[EM] 02/06/02 - Adam's 02/02 example of three equal candidates:
Richard Moore
rmoore4 at cox.net
Wed Feb 6 21:45:52 PST 2002
Donald Davison wrote:
> Now I would like to respond to your example of three candidates who are
> running neck and neck and tell how I think you should vote in four
> different election methods.
>
> In the cases of the ABC methods, Approval, Borda, and Condorcet, you should
> only vote for your most favorite. Let the other voters support your
> favorite with their lower choices while you will not be supporting their
> favorites. This gives your favorite an advantage.
>
> The success of your candidate will depend, in part, on the foolishness of
> the voters of the other candidates. It will be foolish of them to give
> your candidate a vote besides voting for their candidate. You are not to
> be that foolish, you are not to give any of their candidates a vote. This
> is deception of course, but that is the design of the ABC methods.

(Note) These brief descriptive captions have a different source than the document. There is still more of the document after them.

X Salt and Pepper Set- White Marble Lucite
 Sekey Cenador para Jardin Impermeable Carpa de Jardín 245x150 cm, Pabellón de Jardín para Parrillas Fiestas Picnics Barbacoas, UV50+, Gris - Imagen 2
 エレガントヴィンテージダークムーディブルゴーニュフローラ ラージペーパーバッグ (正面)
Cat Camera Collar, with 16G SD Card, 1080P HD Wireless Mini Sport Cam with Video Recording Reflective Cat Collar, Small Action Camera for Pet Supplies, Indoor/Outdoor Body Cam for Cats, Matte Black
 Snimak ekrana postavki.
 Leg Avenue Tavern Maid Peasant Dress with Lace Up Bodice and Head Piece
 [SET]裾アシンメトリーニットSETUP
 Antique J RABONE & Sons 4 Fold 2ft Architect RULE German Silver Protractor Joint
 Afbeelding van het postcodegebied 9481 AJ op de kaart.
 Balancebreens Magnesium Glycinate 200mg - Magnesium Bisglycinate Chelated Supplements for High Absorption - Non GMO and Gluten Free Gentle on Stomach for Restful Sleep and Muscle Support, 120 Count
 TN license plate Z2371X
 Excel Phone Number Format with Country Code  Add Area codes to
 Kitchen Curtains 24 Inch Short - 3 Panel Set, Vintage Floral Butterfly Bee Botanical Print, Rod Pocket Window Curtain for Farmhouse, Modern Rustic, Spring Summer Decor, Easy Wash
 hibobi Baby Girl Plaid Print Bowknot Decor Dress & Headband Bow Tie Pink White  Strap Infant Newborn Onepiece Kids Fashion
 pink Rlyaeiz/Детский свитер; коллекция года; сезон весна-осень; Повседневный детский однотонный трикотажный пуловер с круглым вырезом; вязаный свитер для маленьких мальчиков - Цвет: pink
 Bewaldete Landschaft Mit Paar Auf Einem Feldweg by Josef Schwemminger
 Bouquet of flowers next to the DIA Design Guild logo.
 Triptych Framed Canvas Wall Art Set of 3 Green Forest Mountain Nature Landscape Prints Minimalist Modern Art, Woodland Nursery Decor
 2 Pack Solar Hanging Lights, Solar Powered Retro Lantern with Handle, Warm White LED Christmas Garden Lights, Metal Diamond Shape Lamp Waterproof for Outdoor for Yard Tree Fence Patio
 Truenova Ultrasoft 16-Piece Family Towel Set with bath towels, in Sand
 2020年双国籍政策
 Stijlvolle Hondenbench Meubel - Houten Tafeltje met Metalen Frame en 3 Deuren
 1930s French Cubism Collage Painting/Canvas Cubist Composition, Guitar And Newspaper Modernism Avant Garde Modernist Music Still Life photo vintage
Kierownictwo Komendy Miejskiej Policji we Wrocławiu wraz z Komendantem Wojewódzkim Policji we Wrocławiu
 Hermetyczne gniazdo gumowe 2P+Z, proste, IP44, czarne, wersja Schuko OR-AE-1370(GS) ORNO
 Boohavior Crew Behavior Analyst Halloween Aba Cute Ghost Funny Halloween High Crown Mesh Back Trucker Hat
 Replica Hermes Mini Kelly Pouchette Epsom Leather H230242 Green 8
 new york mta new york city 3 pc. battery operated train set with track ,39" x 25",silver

Voters in Approval elections (and Borda and Condorcet elections) would do
well to ignore Donald's advice here. Depending on the folly of others is not
good strategy in these methods. Approval strategy is simple, but not as
simple as Donald believes it to be. (Actually, I've corrected him on this
before so I suspect that rather than believing this honestly, he is being
disingenuous.)
In Approval, with all three candidates running equal in the polls (as stated
in the premise, they are "neck and neck"), you have as much chance to be
instrumental in making your favorite win over your compromise as you do to
be instrumental in making your compromise defeat your least favorite. With
equal opportunities, which strategy do you choose: favorite only, or
favorite-plus-compromise? The answer can be found by looking at the cost of
guessing wrong. If you choose the first strategy, and it turns out to be
the wrong choice (meaning you end up either pushing your compromise to a
loss from a tie with your least favorite, with 50/50 odds the tie will
resolve to elect your least favorite, or you end up pushing your compromise
to a tie with your least favorite when otherwise your compromise would have
won), then the cost is the potential regret of causing your compromise lose
to your least favorite. Likewise, if you choose the second strategy, and
that strategy turns out to be the wrong choice, the cost is the equally
probable regret of causing your favorite lose to your compromise. Since
both strategies are equally likely to fail, the correct strategy is the
one which you would regret less in the event of failure. If your preference
for your favorite over your compromise is weaker than your preference for
your compromise over your least favorite, then vote for your top two.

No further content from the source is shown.